Wake est née à Wellington, en Nouvelle-Zélande, en 1911, et a déménagé en Australie à l'âge de deux ans. Elle s'est enfuie de chez elle à l'âge de 16 ans, et en 1935, elle est partie pour Londres. Elle a appris à être journaliste et a travaillé à Paris. Elle a épousé un riche propriétaire d'usine, Henry Fioca, en 1939. Au début de la guerre, elle est devenue ambulancière. Elle fait bientôt partie d'un groupe dirigé par Pat O'Leary (de son vrai nom Albert Guérisse) qui aide les soldats britanniques à s'échapper de France. La Gestapo a rapidement remarqué ses activités et elle s'est enfuie en Espagne. Son mari a été capturé, torturé et abattu.

En Angleterre, elle a rejoint le Special Operation Executive (SOE). En avril 1944, Wake est parachutée en France pour travailler avec la Résistance française avant le débarquement du jour J. Elle a participé à plusieurs batailles importantes avec l'armée allemande. Elle est connue pour avoir tué un soldat SS à mains nues.

Elle a reçu plusieurs médailles importantes pour sa bravoure, notamment la British George Medal, la Croix de Guerre française (à trois reprises), la Médaille de la Résistance et elle a été faite Chevalier de la Légion d'Honneur. Les Américains lui ont décerné la Médaille de la liberté. En 2004, l'Australie l'a faite Compagnon de l'Ordre d'Australie.
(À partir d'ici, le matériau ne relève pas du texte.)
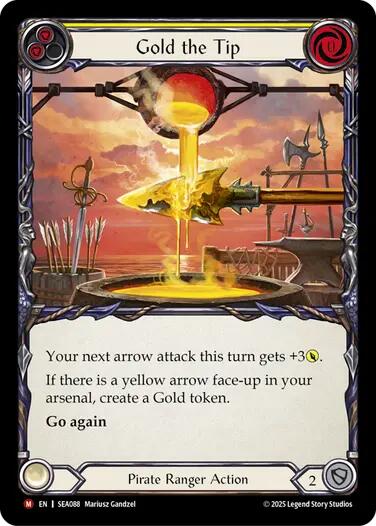 Gold the Tip [SEA088] (High Seas)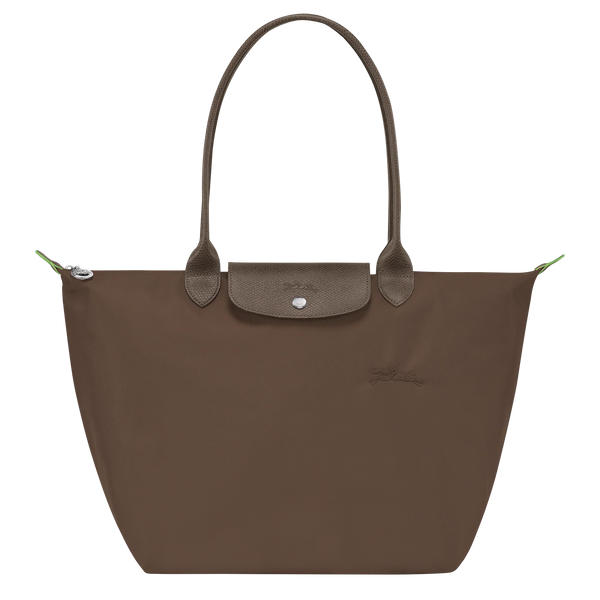 Longchamp - Bolso Grande Le Pliage, Terra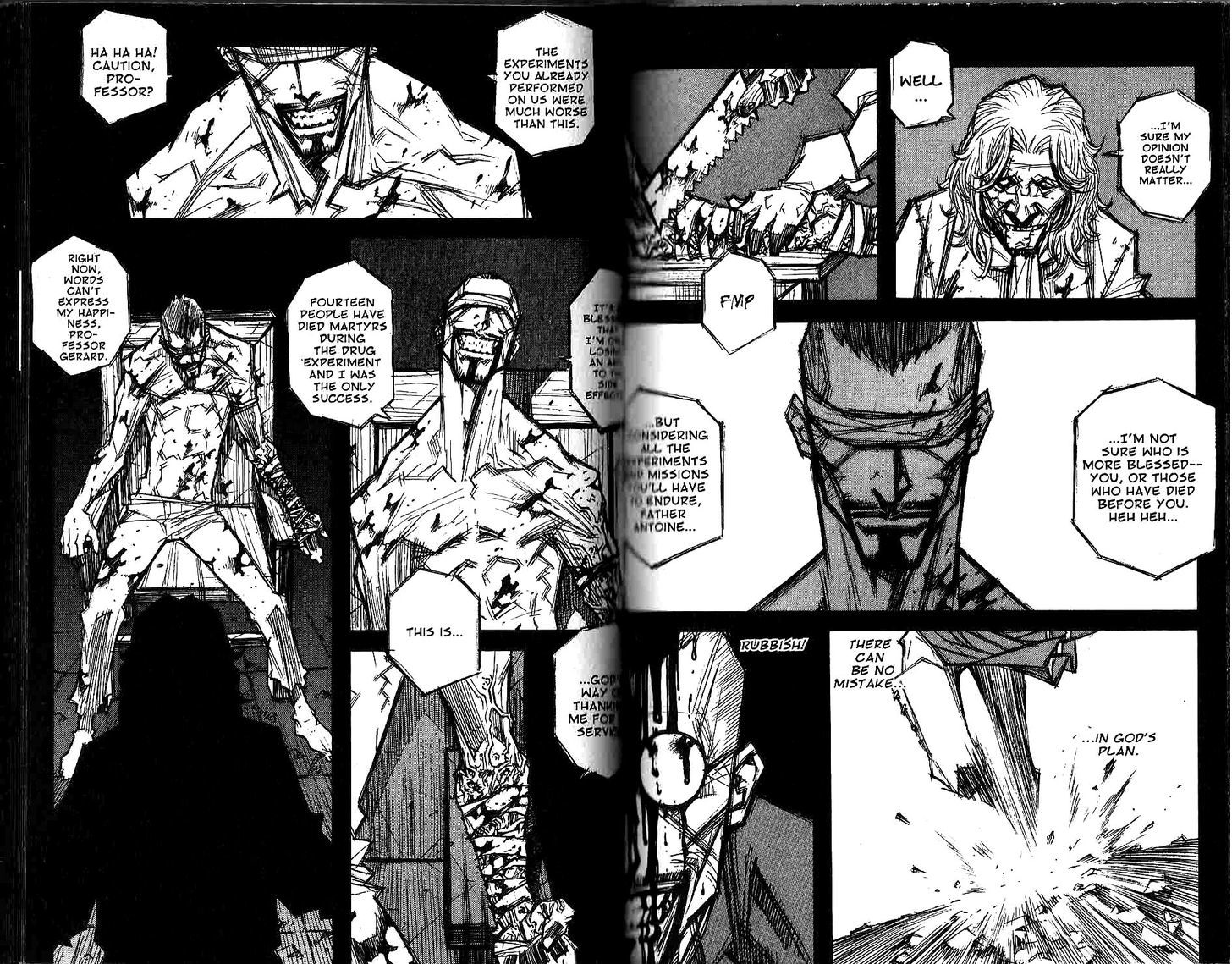 Priest Chapter 3.2 page 6 - 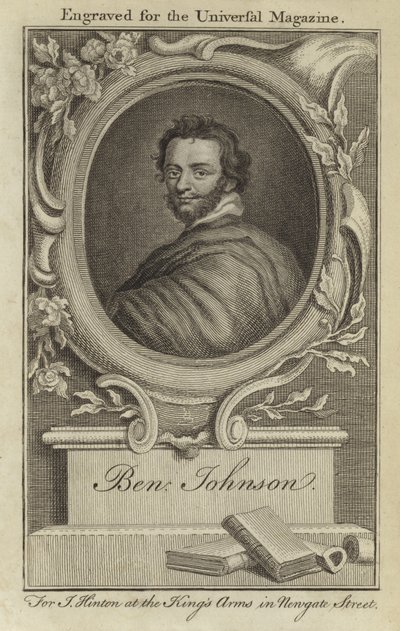 Ben Johnson af English School
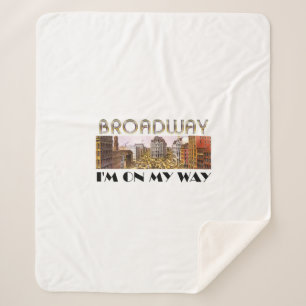 Cobertor Sherpa Estrela de Broadway do T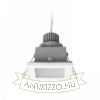 LEROY SQ  fehér  12V GU5,3 35W IP44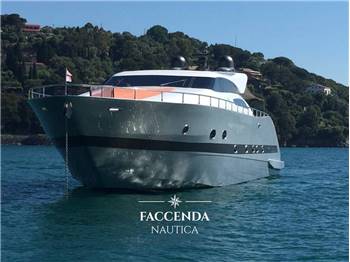 TECNOMAR VELVET 83 OPEN SPORT LUXURY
C'était une femme inhabituelle pour son époque. Elle avait la réputation d'être une grande buveuse parmi les soldats avec lesquels elle travaillait. Le major John Farmer a dit d'elle qu'elle buvait "nous ne pouvions pas savoir où tout cela allait". Lorsque le gouvernement australien lui a offert une médaille, elle a dit qu'ils pouvaient "coller leurs médailles là où le singe se colle les noix". Elle a vendu ses médailles pour subvenir à ses besoins dans sa vieillesse. Elle a dit : "Il ne sert à rien de les garder, j'irai probablement en enfer et elles fondraient de toute façon".